As part of a four-city event tour with Certus Solutions in Australia and New Zealand, James Hartwright and I offered an interactive experience that brought together design thinking and data science. To drag some of the dark obstacles to innovation into the light with possible antidotes, we created a matrix that addressed three different levels of every organization – mindset, culture and brand – across three general design phases: explore, ideate, and validate. 
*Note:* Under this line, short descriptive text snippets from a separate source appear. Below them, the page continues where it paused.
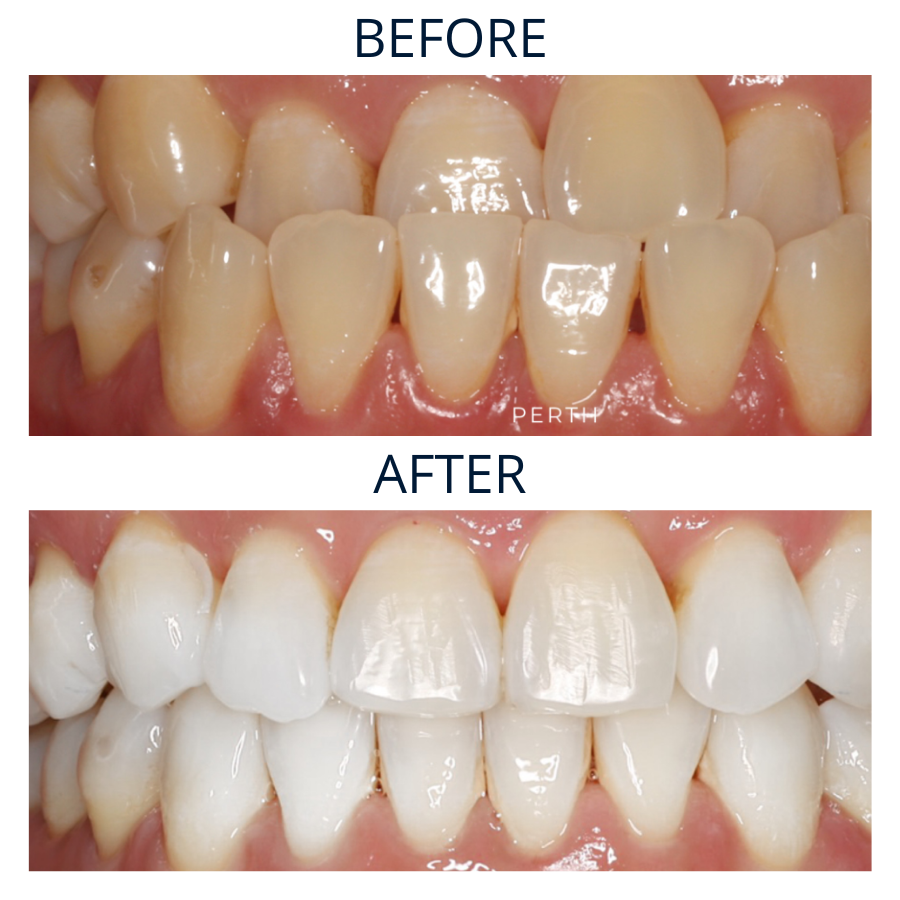 Invisalign 19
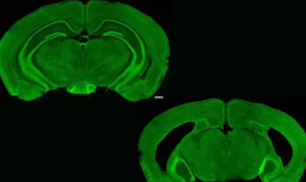 癫痫小鼠大脑中的星形胶质细胞表现出酸性反应癫痫发作加剧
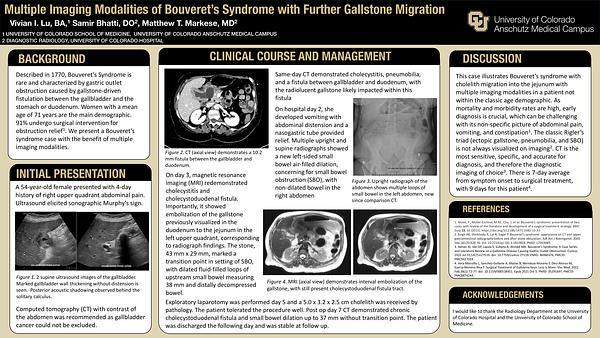 Multiple Imaging Modalities of Bouveret's Syndrome with Further Gallstone Migration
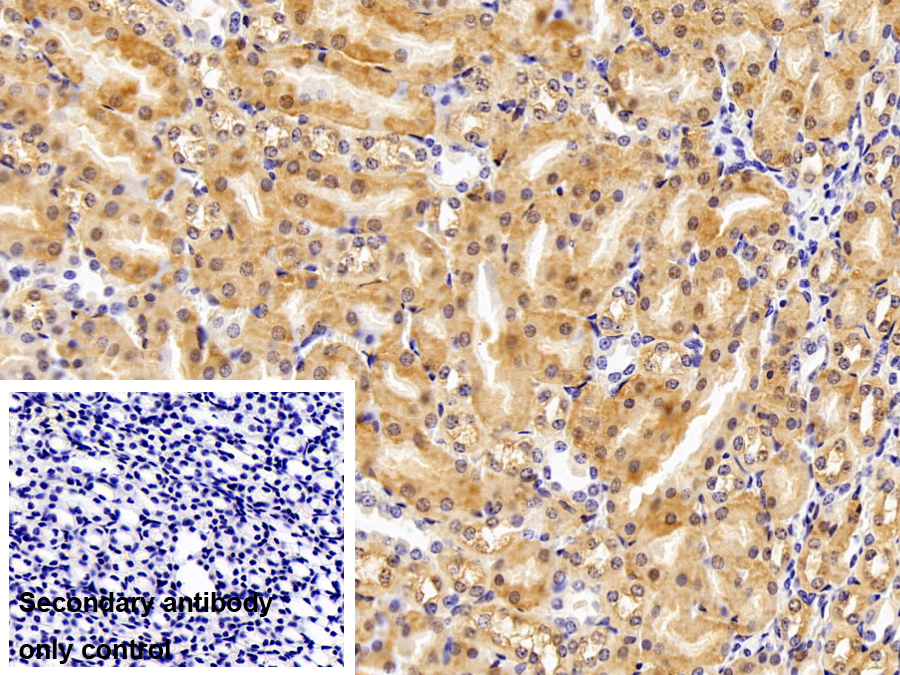 Polyclonal Antibody to MOCO Sulphurase C-Terminal Domain Containing Protein 1 (MOSC1)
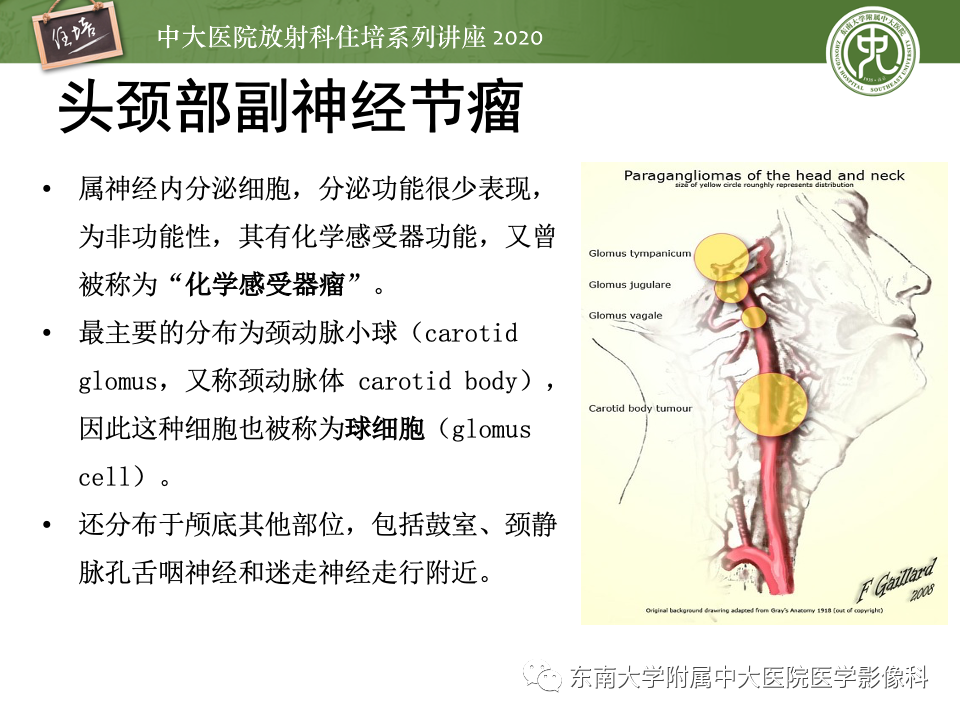 影像PPT - 【PPT】头颈部神经源性肿瘤的影像诊断-4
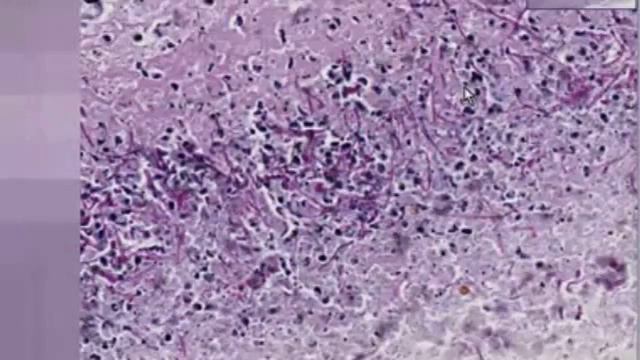 Hwp1 Candida albicans hyphae surface protein (transglutaminase substrate) смотреть онлайн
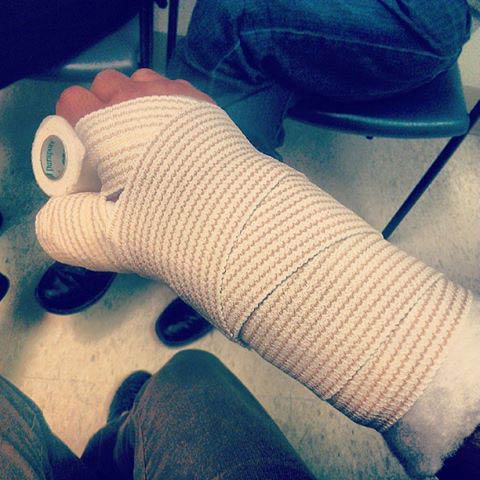 Ben Weinman's Broken Hand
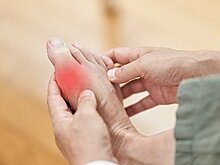 Выявлен новый молекулярный механизм возникновения подагры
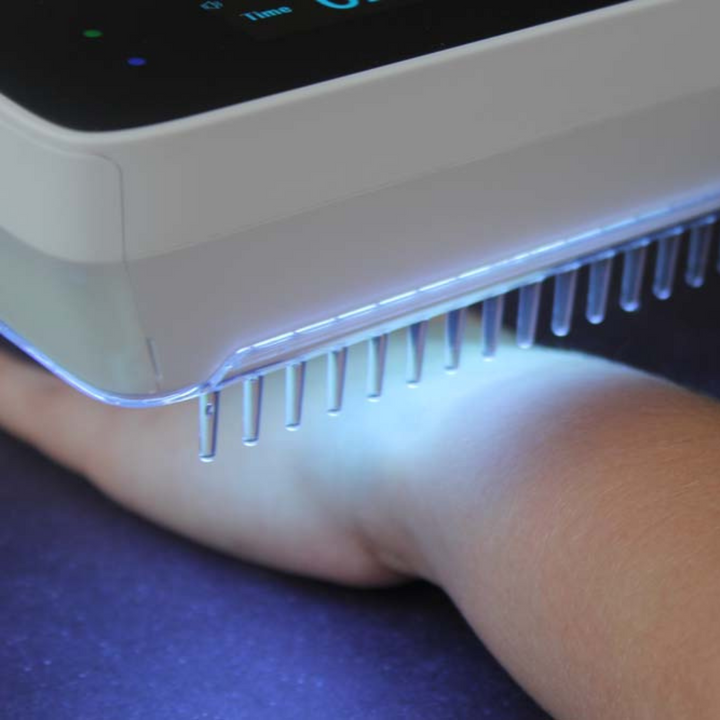 Portable UVB phototherapy lamp. Effective handheld device for home treatment of psoriasis, vitiligo, and eczema.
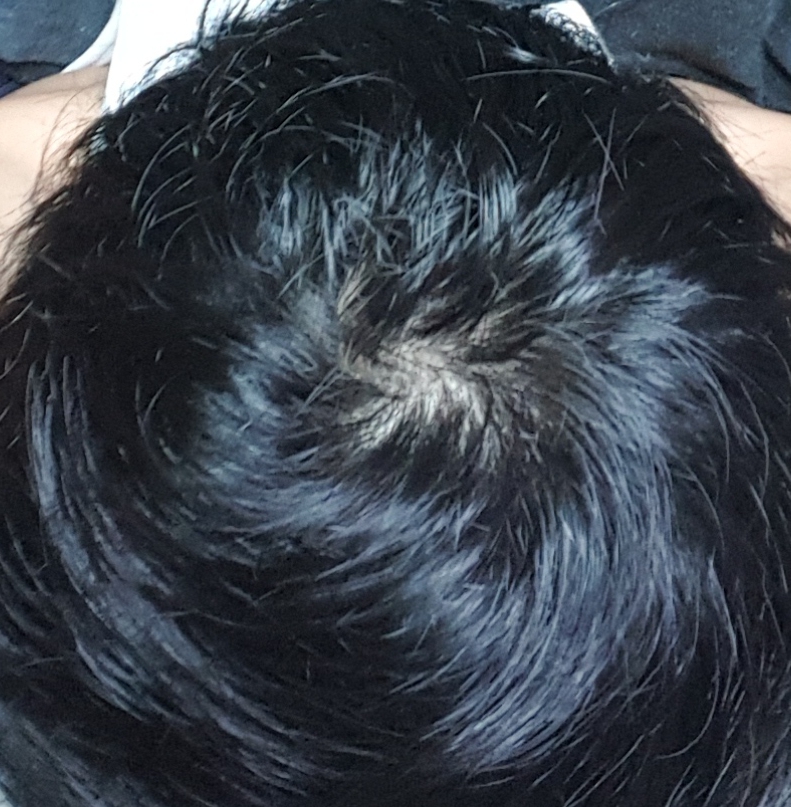 20170501_231057.jpg
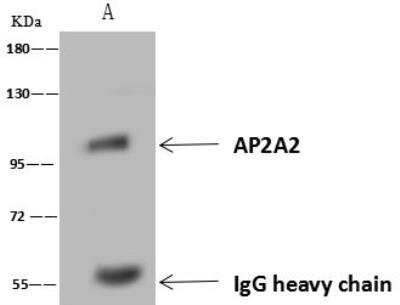 Immunoprecipitation: AP2A2 Antibody [NBP3-12692]
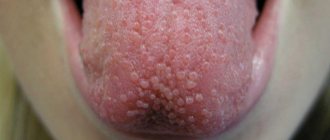 tongue burns treatment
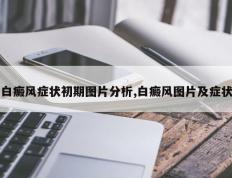 白癜风症状初期图片分析,白癜风图片及症状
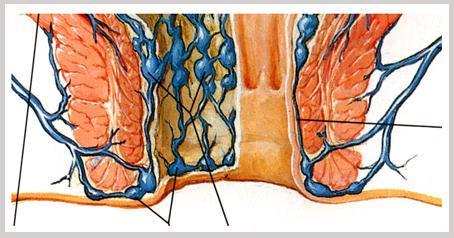 脱肛和痔疮的区别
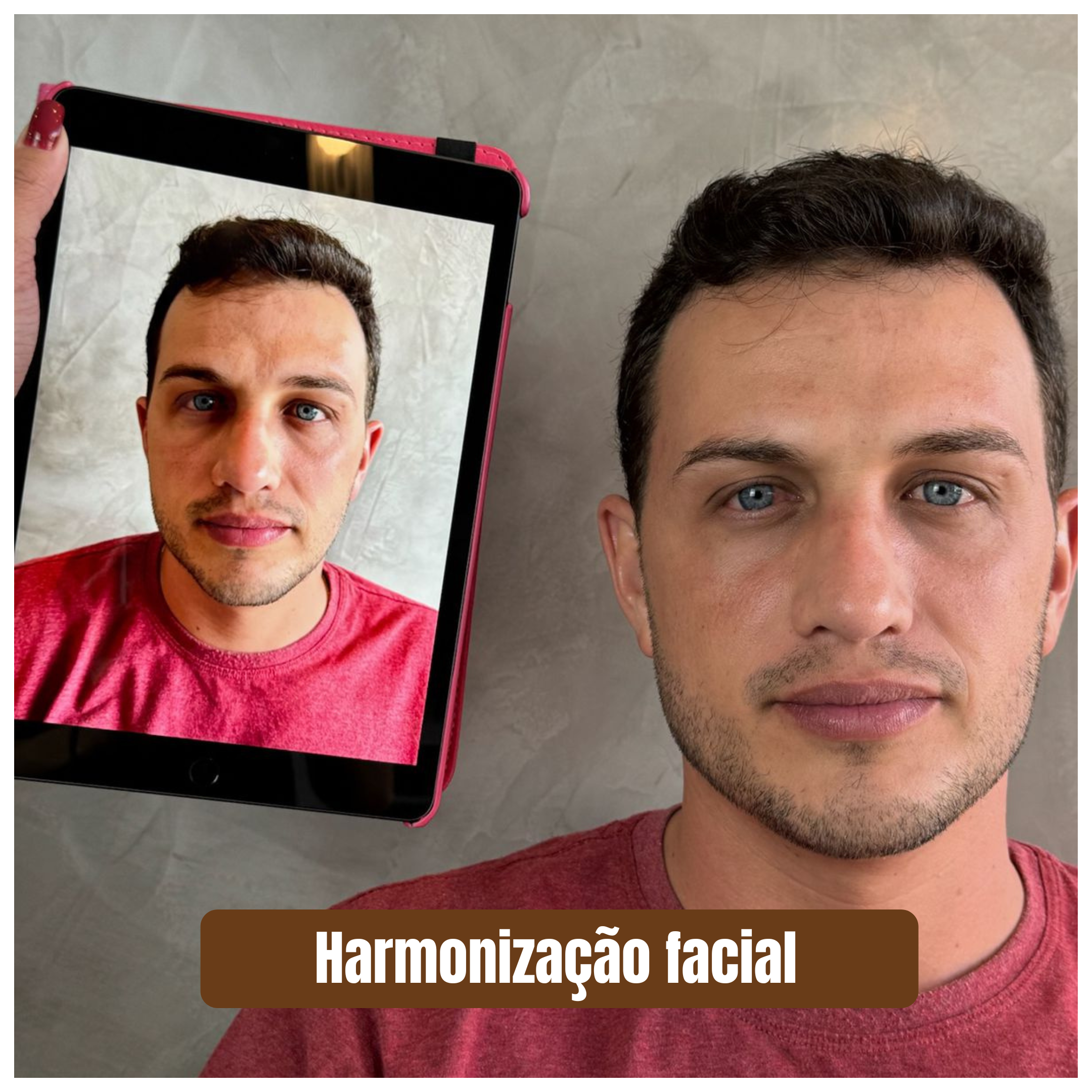 Harmonização facial 1 (2)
Obstacles and antidotes to innovation

What interferes with the transformation and connection necessary for innovation to flourish? The answer is probably more simple than anyone would like to believe. It’s you. It’s me. It’s us. It’s what we can’t, don’t or won’t let ourselves feel and reveal. It’s what we deny and protect. It’s what we avoid and resist. Time and again, I've seen that an innovation strategy is only as valuable, and successful, as the business' ability to act on it. 

Begin where you are.
Decide where you want to go.
Be led by what you learn. 

As part of my work with Cognition, I developed a maturity assessment for organizations to self-diagnose their organization's design thinking maturity, inform their innovation strategy and see where design thinking shows up within their organization. The Design Thinking Maturity Assessment (DTMA) was created to help organisations establish a baseline measure to set goals, track improvement and activate innovation. It looks at design thinking maturity in eight functional areas: (1) Strategy & Roadmap (2) Customer Experience (3) Technology (4) Sales & Marketing (5) Products & Services (6) Culture (7) Operations (8) Performance.